_Problem statement_
Copy each line of the records exactly, stopping only after the line that contains "Boxspring met matras" has been written, and leave pictures out.

_Exercise data_

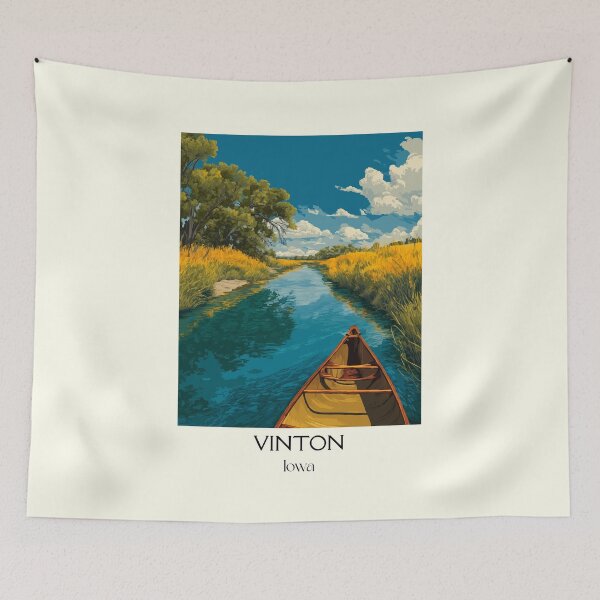 Item preview, Vinton Iowa Cedar River | Summer Canoeing Poster designed and sold by TuncGK.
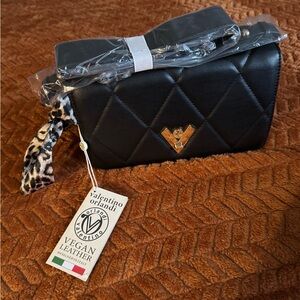 NWT Valentino Orlandi Quilted Black Crossbody Bag - Vegan Leather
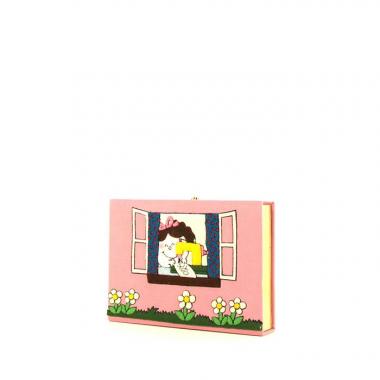 Bolso joya Olympia Le-Tan Cartoon en tela bordada rosa
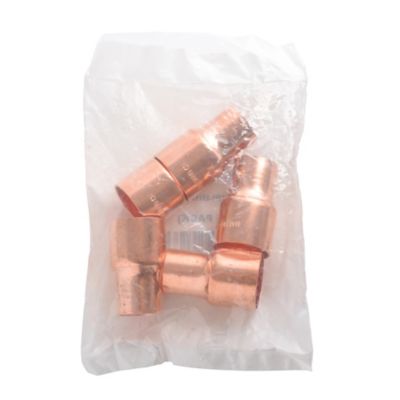 Copper Reducer Coupling, 1-1/8 x 7/8, C x C, 5/pkg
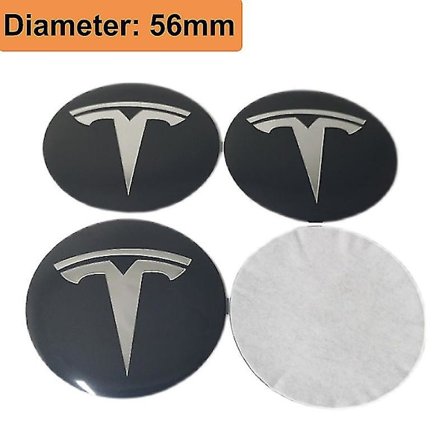 4 st 56mm Bilhjul Navkapsel Emblem Dekal Styling för Tesla Model 3 Model S Roadster Cybertruck Model X Biltillbehör Llwl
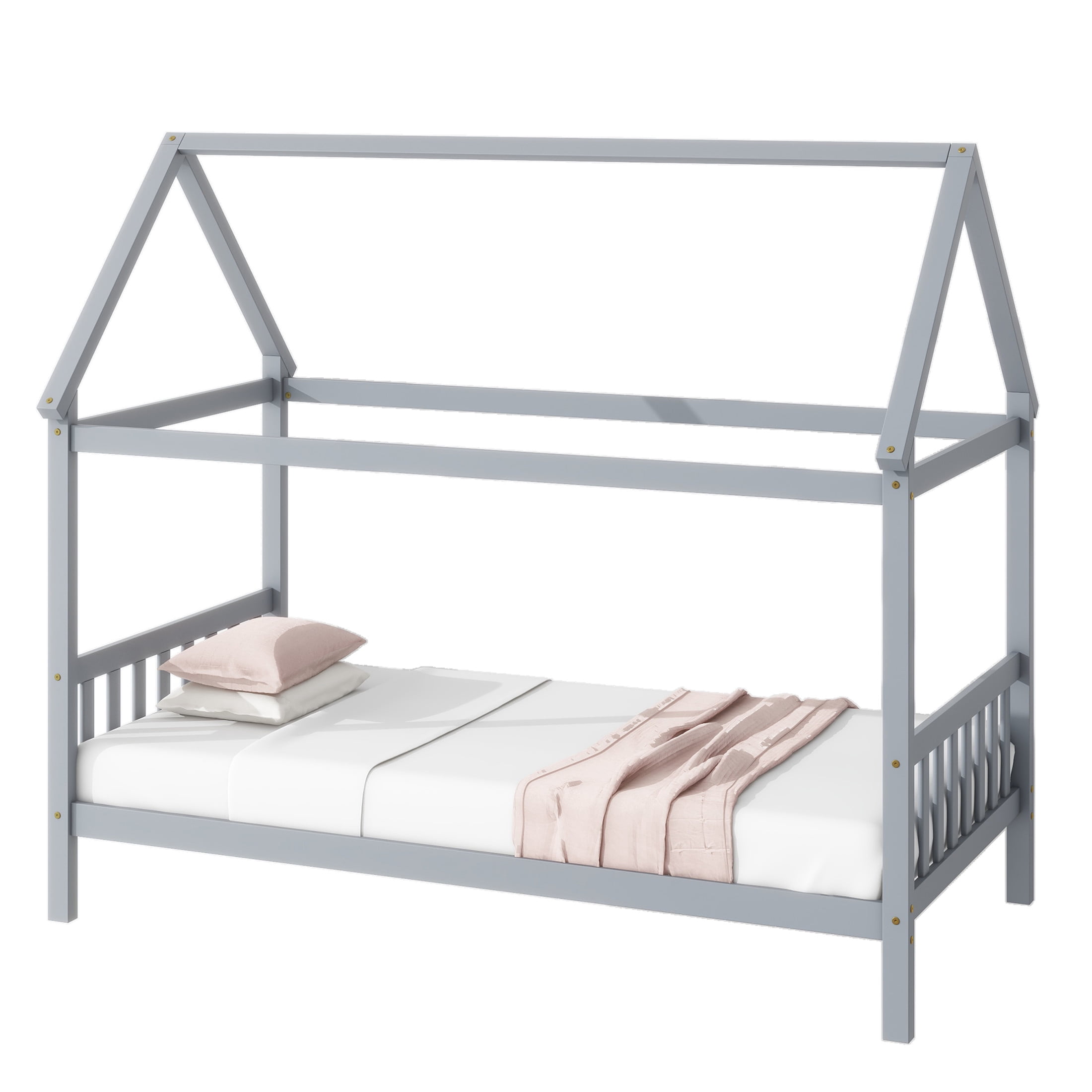 Noble House Lois Twin House Canopy Bed, Rubber Wood Frame with House-Shaped Design and Headboard Footboard, Light Grey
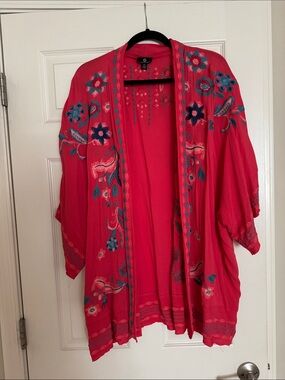 Embroidered Red Open-Front Women's Kimono - Unknown Brand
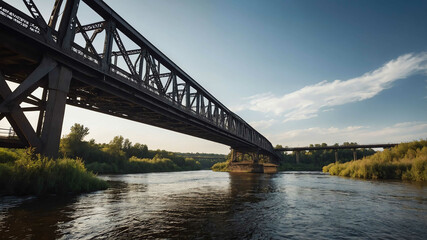 Steel bridge stretching across river background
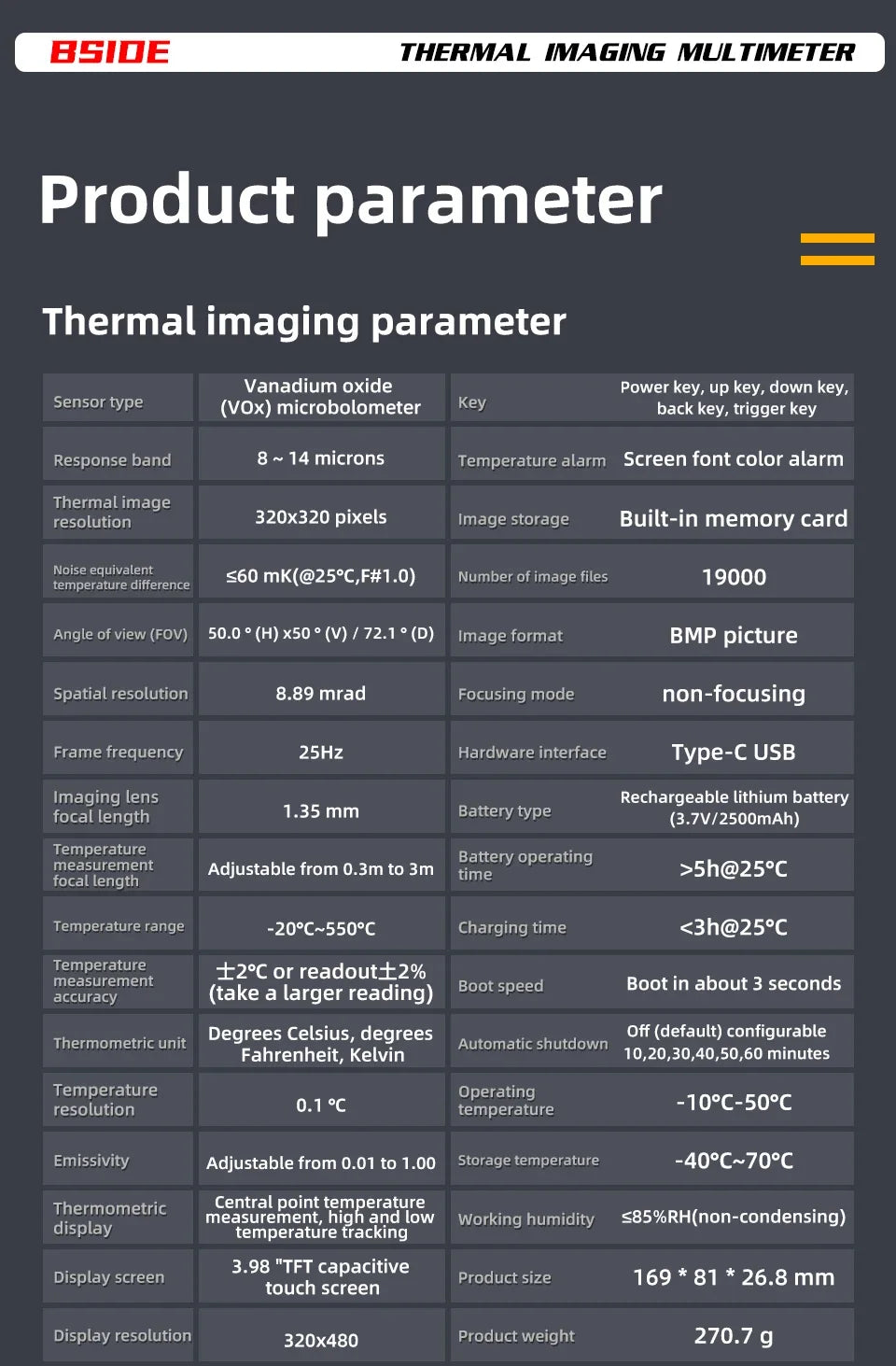 Cameră de termoviziune 2025: BSIDE SH7 320*320 Cameră de termoviziune 20000 de numărări - Multimetru digital cu ecran tactil 2 în 1 Cameră IR Reparații lentile macro Colecție PCB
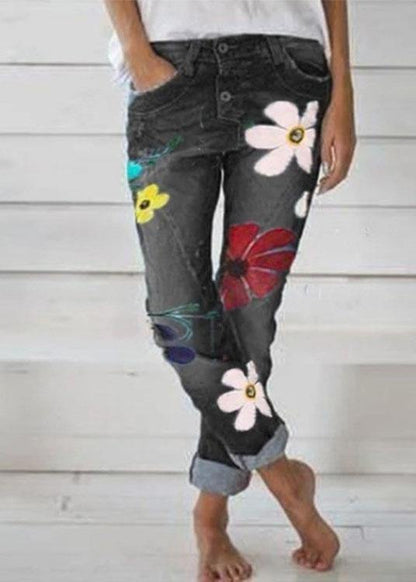 Flower Print Button Denim Long Jeans for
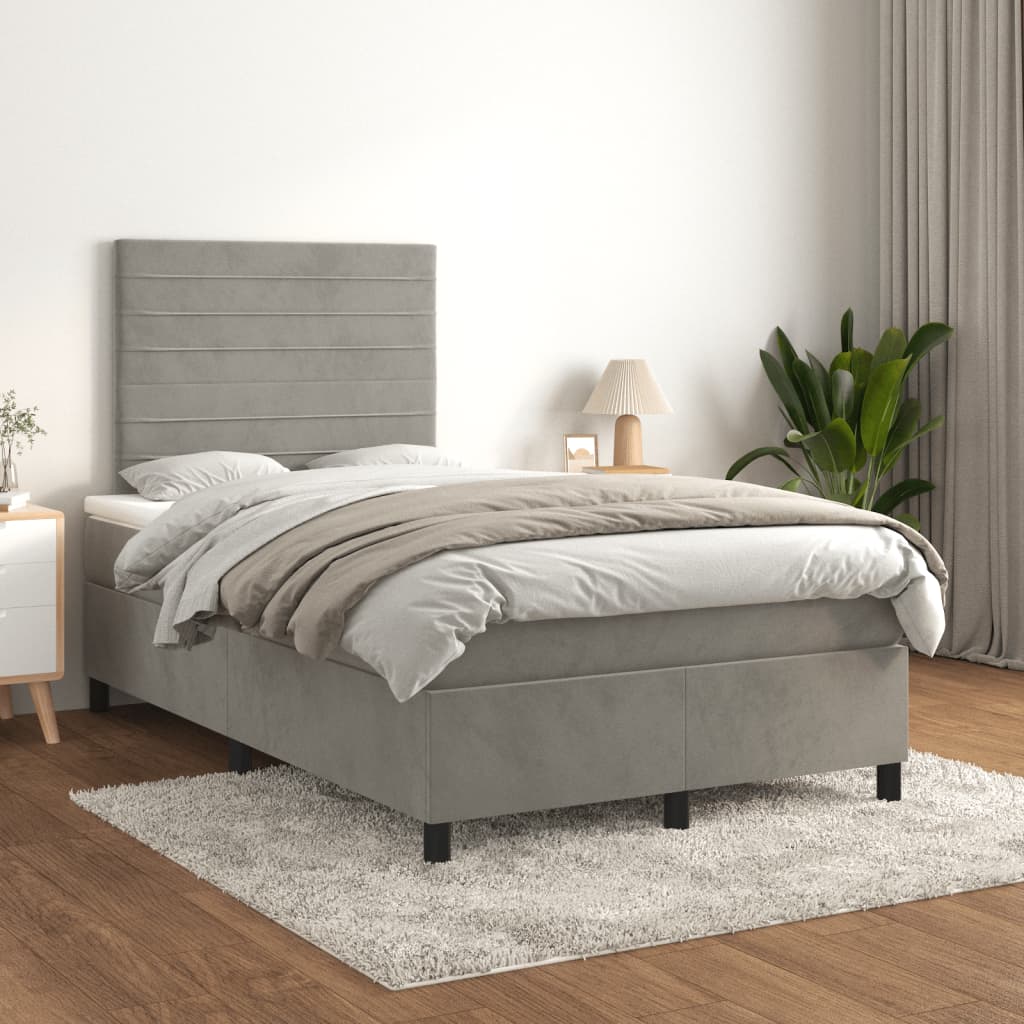Boxspring met matras fluweel lichtgrijs 120x200 cm is nu te koop bij PeponiXL, paradijselijk wonen!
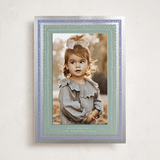 "Gilded Hand Drawn Frame" - Foil-Pressed Holiday Photo Mount Cards in Ice by Hannah Williams - Front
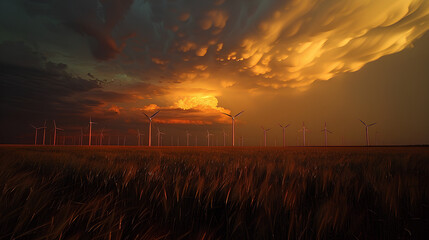 Fototapeta premium A row of wind turbines stand tall against a vibrant sunset sky with dramatic clouds.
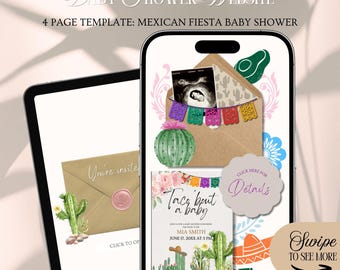 Fiesta Baby Shower Website Invitation Template: Taco Theme (Canva)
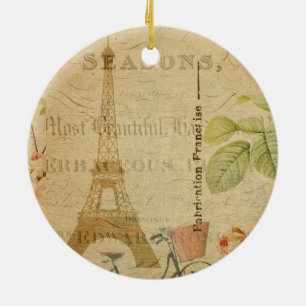 French Postcard Ceramic Ornament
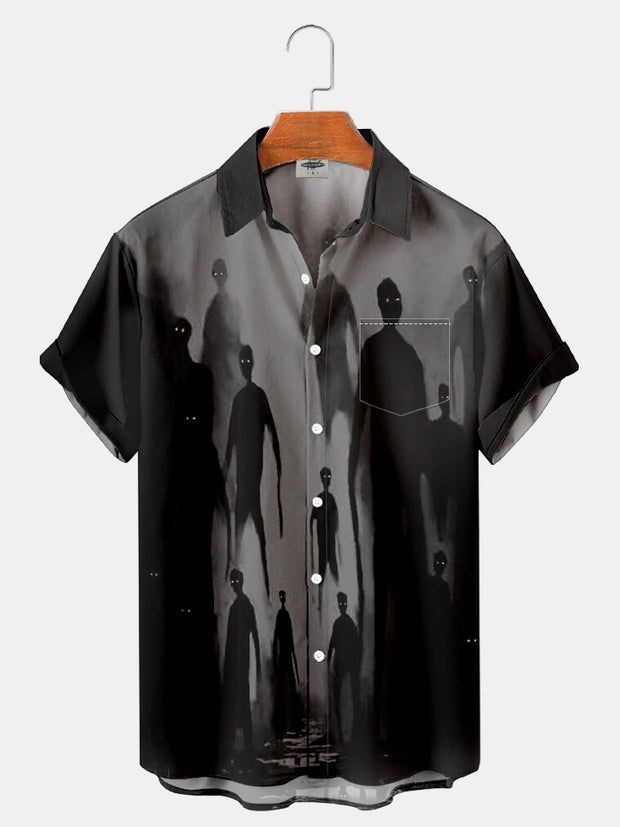 Fydude Men'S Halloween Shadow Printed Shirt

_Answer for this exercise_
 Item preview, Vinton Iowa Cedar River | Summer Canoeing Poster designed and sold by TuncGK.
 NWT Valentino Orlandi Quilted Black Crossbody Bag - Vegan Leather
 Bolso joya Olympia Le-Tan Cartoon en tela bordada rosa
 Copper Reducer Coupling, 1-1/8 x 7/8, C x C, 5/pkg
 4 st 56mm Bilhjul Navkapsel Emblem Dekal Styling för Tesla Model 3 Model S Roadster Cybertruck Model X Biltillbehör Llwl
 Noble House Lois Twin House Canopy Bed, Rubber Wood Frame with House-Shaped Design and Headboard Footboard, Light Grey
 Embroidered Red Open-Front Women's Kimono - Unknown Brand
 Steel bridge stretching across river background
 Cameră de termoviziune 2025: BSIDE SH7 320*320 Cameră de termoviziune 20000 de numărări - Multimetru digital cu ecran tactil 2 în 1 Cameră IR Reparații lentile macro Colecție PCB
 Flower Print Button Denim Long Jeans for
Boxspring met matras fluweel lichtgrijs 120x200 cm is nu te koop bij PeponiXL, paradijselijk wonen!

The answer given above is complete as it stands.